A live performance of the song (an edited version of a performance from August 5, 1995) was eventually broadcast on a VH1 special segment of Prince videos in 1996. It was also played at Paisley Park on December 9, 1995, and after some overdubbing, this particular version was eventually released on the 1998 Crystal Ball 3-CD set.

Some time after this point, contemporaneous with his first separation and termination of marriage, one of Prince's (musical) mentors and his (then) ‘spiritual guide,’Larry Graham, influenced him to eliminate cursing from his music and change the lyrics of older songs to fit with his new, public, practicing morality.

By 1998, Prince had revised the lyrics of "Days of Wild" in concert to eliminate the profanity. During the 2000 "Celebration" concert at the University of Minnesota, Prince even scolded the audience ("We don't do that no more!") when it began the "play that motherfuckin' bass!" chant associated with concert performances of the song.

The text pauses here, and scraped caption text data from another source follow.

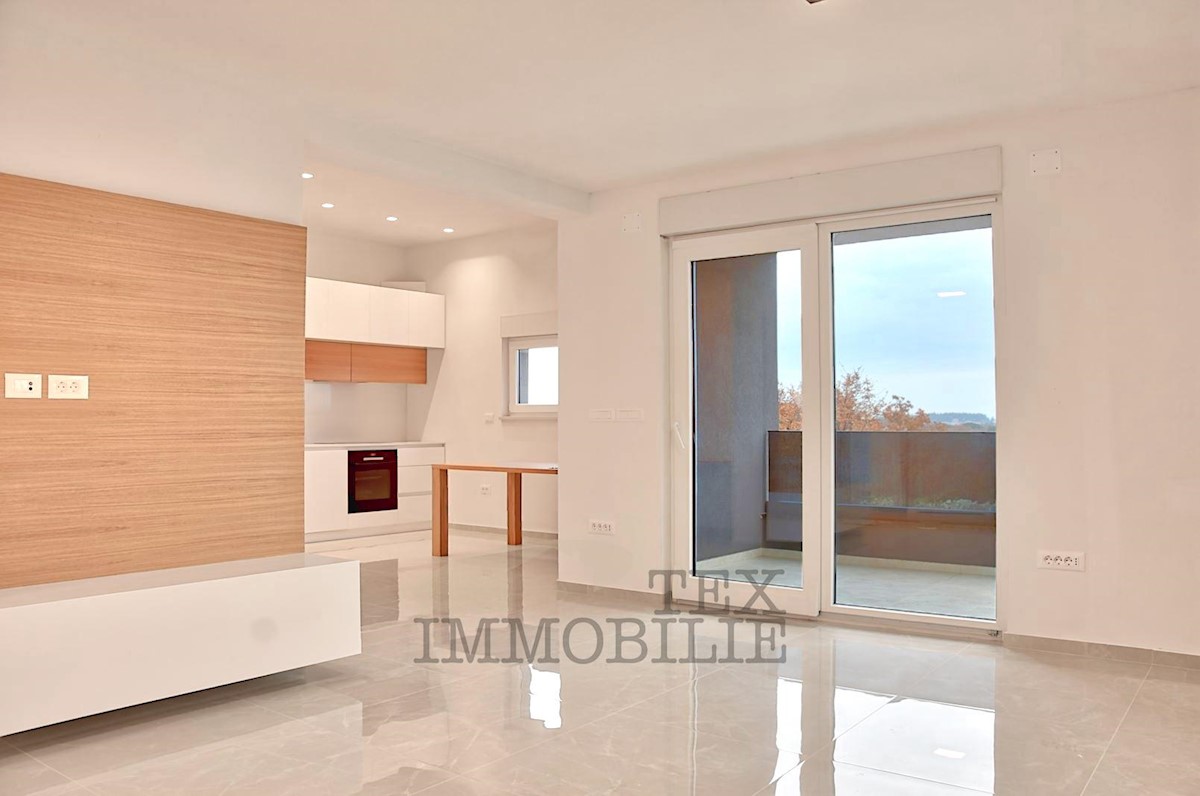 Porec, new apartments only 1500m from the sea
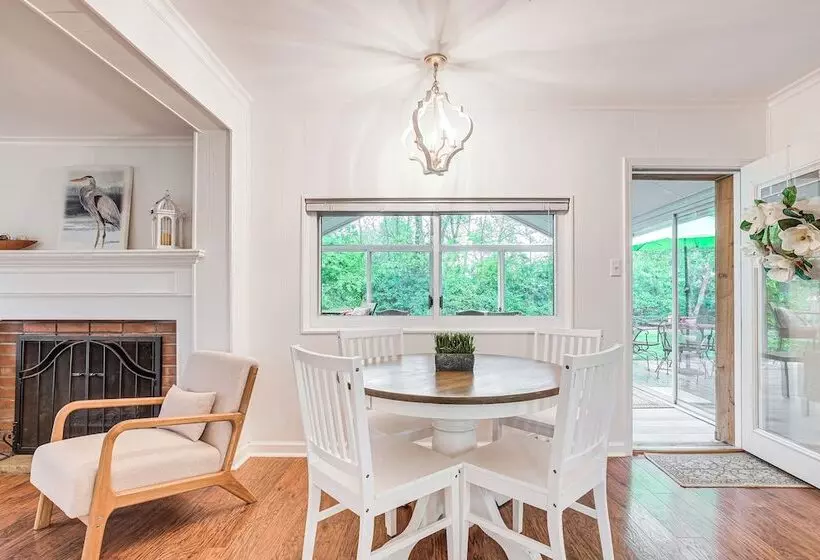 Thornville Home W/ Boat Dock: On The Lake!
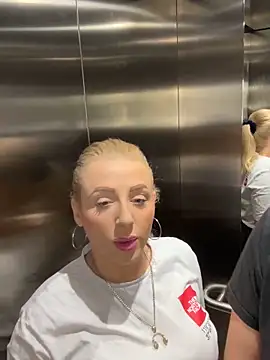 Snapshot of Strongqueen chatting on January 9, 2025, 5:22 pm Strongqueen online show from January 9, 2025, 5:22 pm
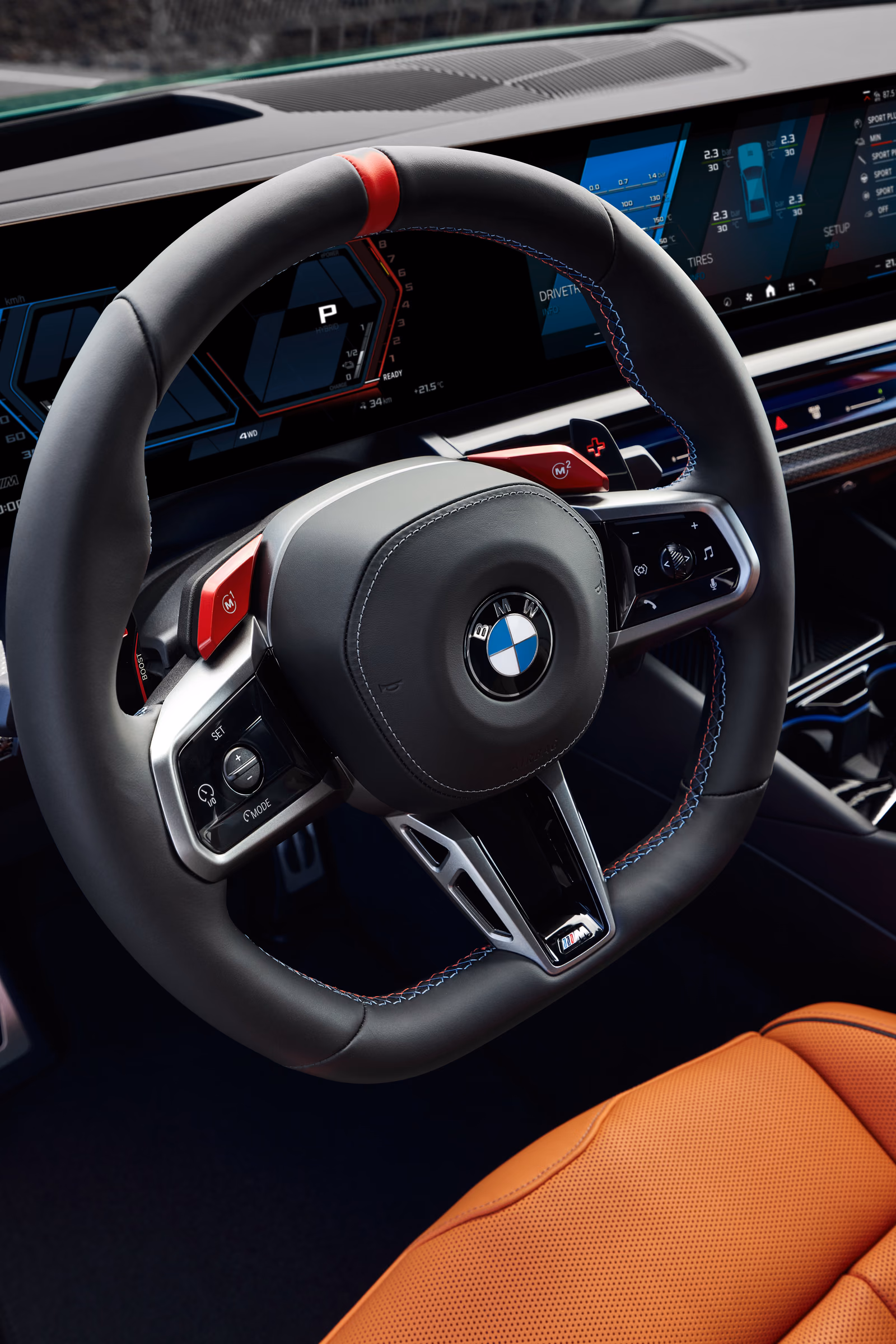 BMW M5 — M-руль с красными клавишами M1 и M2 и цифровая приборная панель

The B-side to the single is a live version of "1+1+1 is 3", a track from The Rainbow Children that was performed on the same tour and included on the live box set, One Nite Alone... Live!. An edit of "Days of Wild" was also included on the single. "1+1+1 is 3" is a funk number and a metaphor for God, man and wife as a union. The single was made publicly available to download initially, then with purchase of Celebration 2002 NPG member tickets/passes via CD at the end of the weeklong event, as complimentary to certain guests, among secondhand sales online, in the NPG and Paisley Park Official online/retail outlets, and during concerts.